→ **TASK ITEM**
Whenever a picture appears in the listing below, leave it out, and copy exactly the lines from the one containing "Foto del edificio - 401 Carver Dr" through the end.
* * *
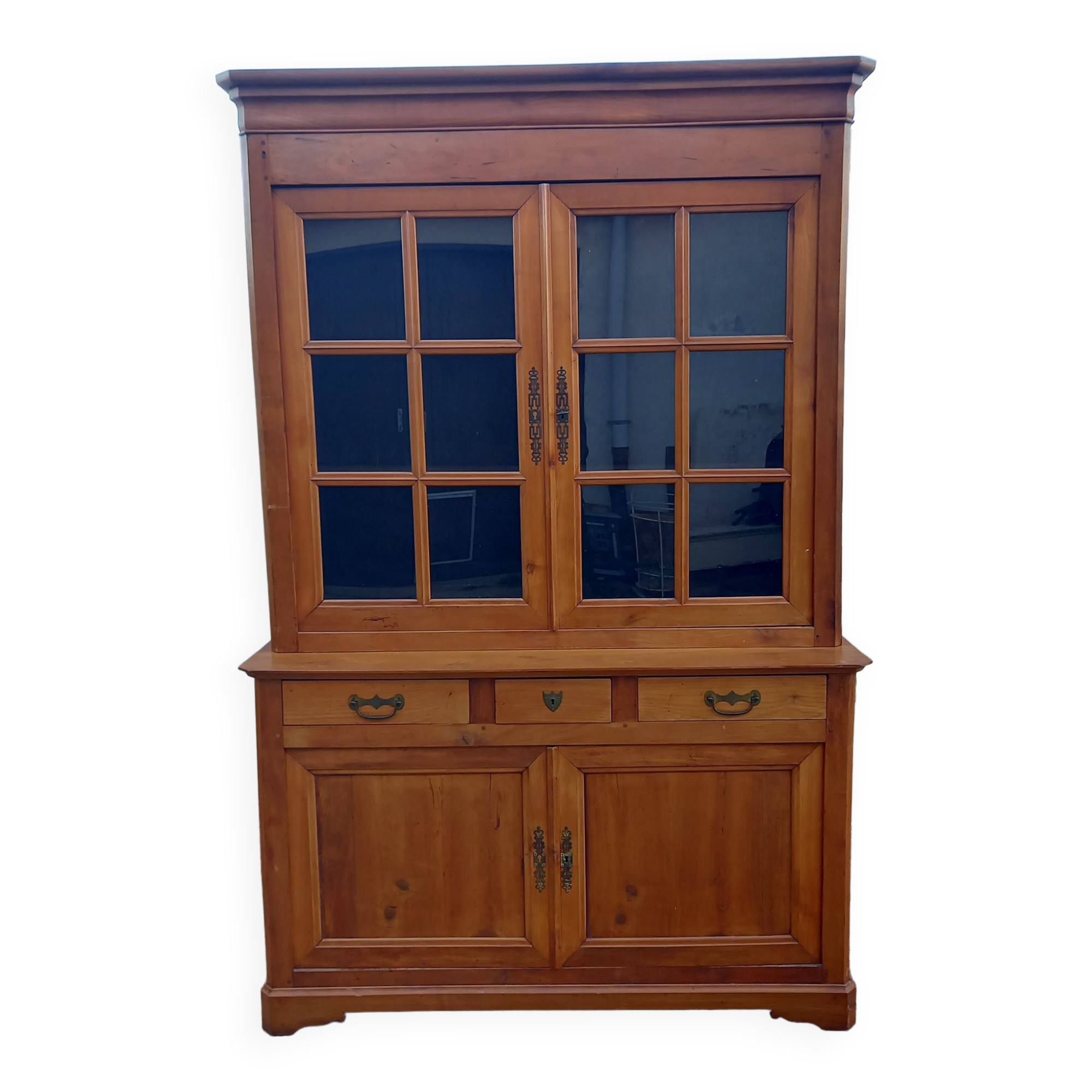 Buffet 2 glazed body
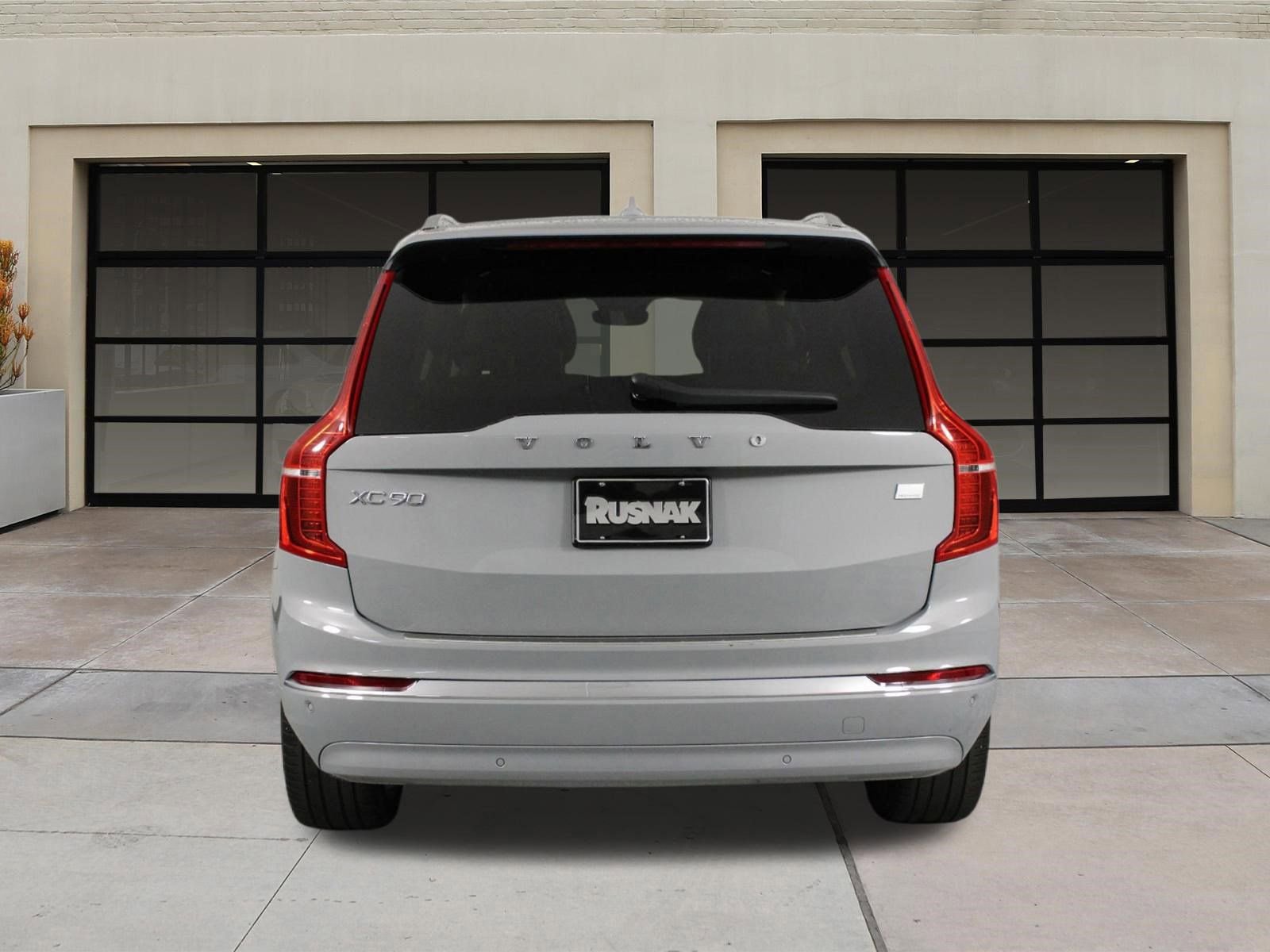 Certified 2024 Volvo XC90 T8 Plus w/ Protection Package Premier image 5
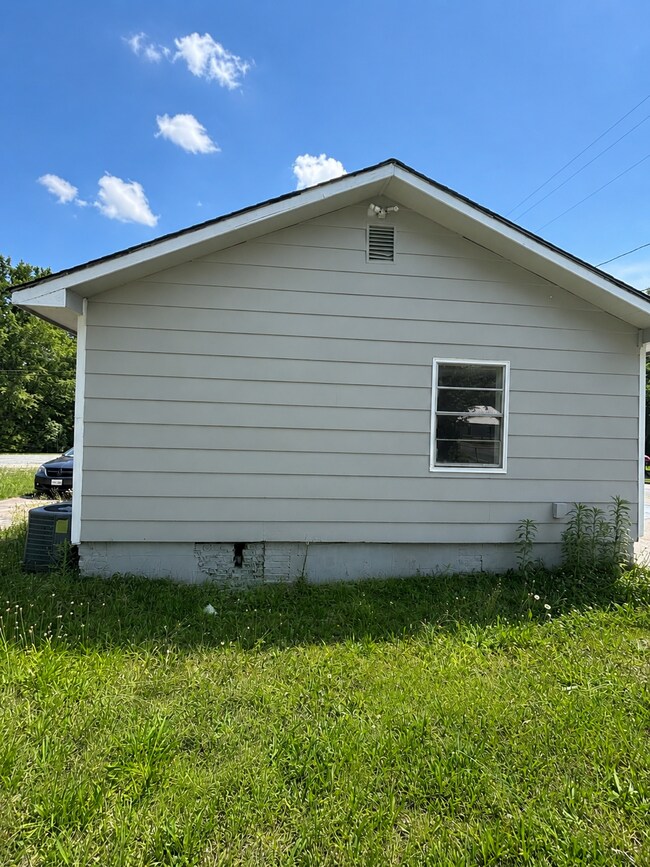 Foto del edificio - 401 Carver Dr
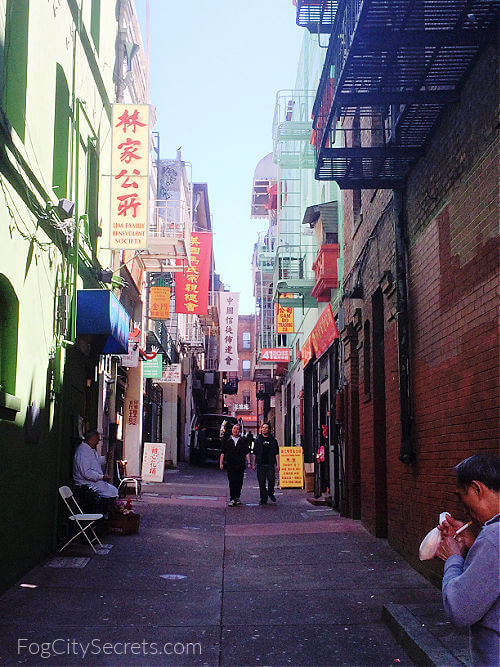 San Francisco Chinatown Ross Alley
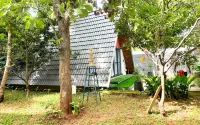 Oh - Bali Villa by Travent Mug - Biệt thự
* * *
→ **ANSWER FOR THE TASK**
 Foto del edificio - 401 Carver Dr
 San Francisco Chinatown Ross Alley
 Oh - Bali Villa by Travent Mug - Biệt thự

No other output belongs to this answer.